The reason I am not another denomination is:

I haven’t seen compelling evidence to show that another denomination, not the Catholic Church, is the “correct” expression of Jesus’ teachings.

For example: The Protestant Reformation lasted from 1517 — 1648. (Thanks, Google.) So, going by Jesus’ words to Peter — Matthew 16:18 — that means that, if any one of those Protestant churches established in the wake of the Reformation is the “true” Church, than Jesus waited 16 centuries to establish his church. And I just don’t see the reasoning in that. When Jesus says “On this rock I will build my church,” does that not imply that Jesus is building his church on this rock right then, not more than 1,500 years later?

Through apostolic succession, the Catholic Church can trace its origin back to Peter.* Which is something that Protestant churches, established more than 1,500 years after Peter’s time, can’t do.

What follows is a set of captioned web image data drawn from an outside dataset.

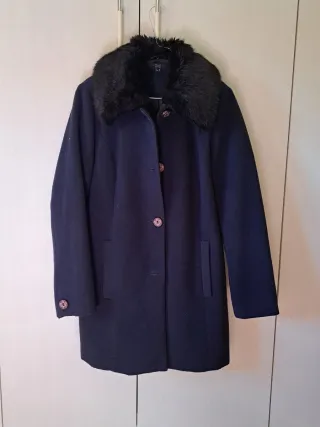 Cappotto blu con pelliccia sintetica removibile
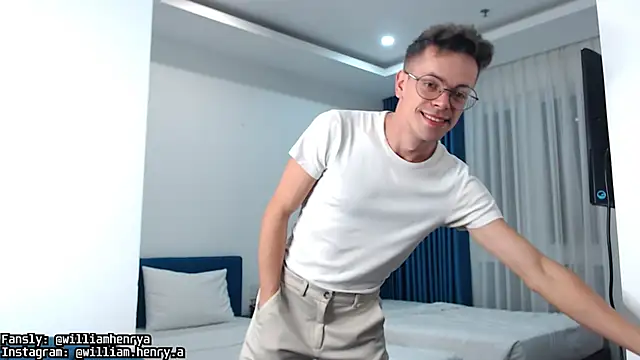 William Henry  online show from 02/11/25, 11:42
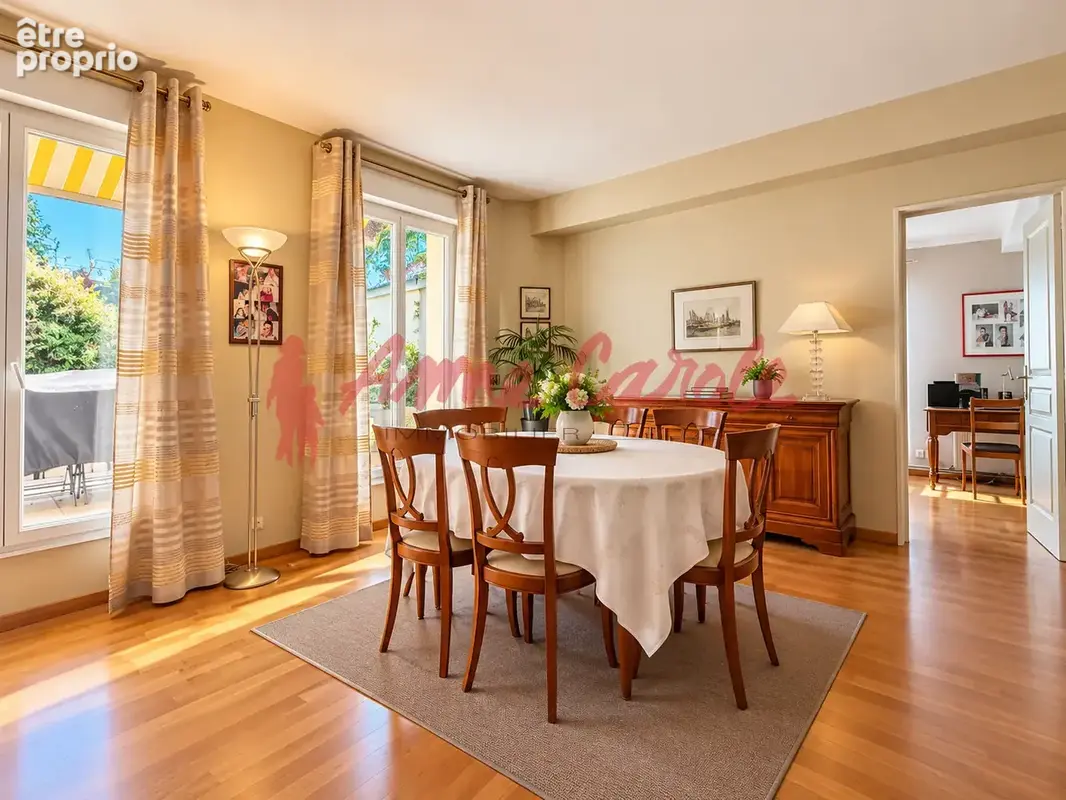 Appartement à SAINT-MAURICE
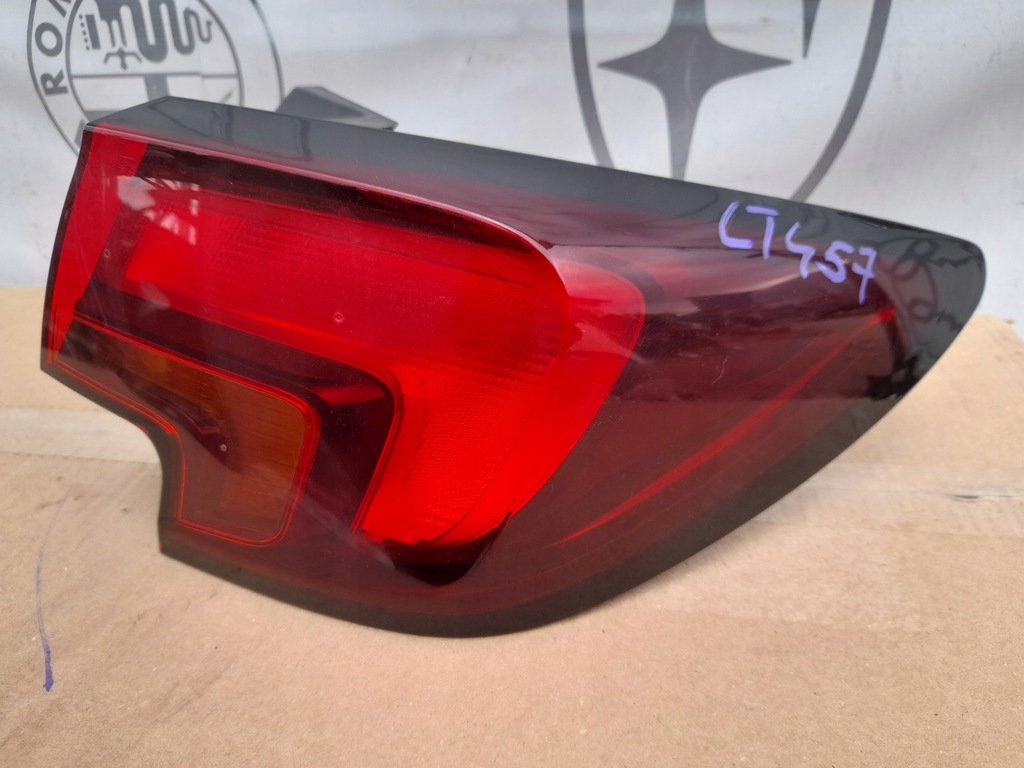 фото №1, Opel astra k v лампа права задня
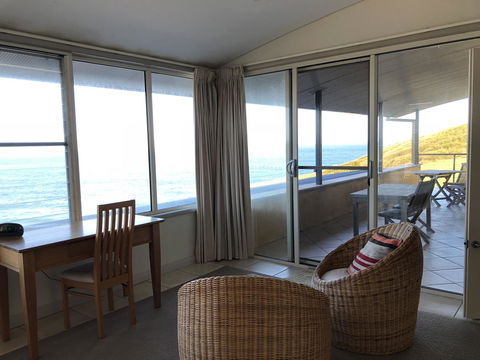 OceanScape Luxury Beachfront Villas - Accommodation Batemans Bay 6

2. Why do people sometimes say that Catholicism is a separate religion from Christianity rather than just a denomination within it?

I have not heard that before — that Catholicism is its own separate, non-Christian religion.

Regarding why people would say such a thing: I don’t know.

Skimming The Catechism of the Catholic Church, it’s clear that a foundation of the Catholic Church is the teachings found in the Bible. So this claim of Catholicism being “a separate religion from Christianity,” as far as I can tell, has no legs to stand on.

When it comes to Catholicism’s relationship to Christian denominations such as Lutheranism, Calvinism, Presbyterianism, etc., here is how I see it:

Picture a tree. Picture the trunk and the branches going up and up and up. The Catholic Church is the trunk, and the denominations (like Lutheranism and Presbyterianism) are the branches. Being offshoots, they wouldn’t exist without the trunk.**

3. If there was one thing you wish that Christians today would or wouldn’t do, or something you wish they understood about Christianity and what it means to be a Christian, what would it be?

I wish that Christians today wouldn’t conflate faith with politics.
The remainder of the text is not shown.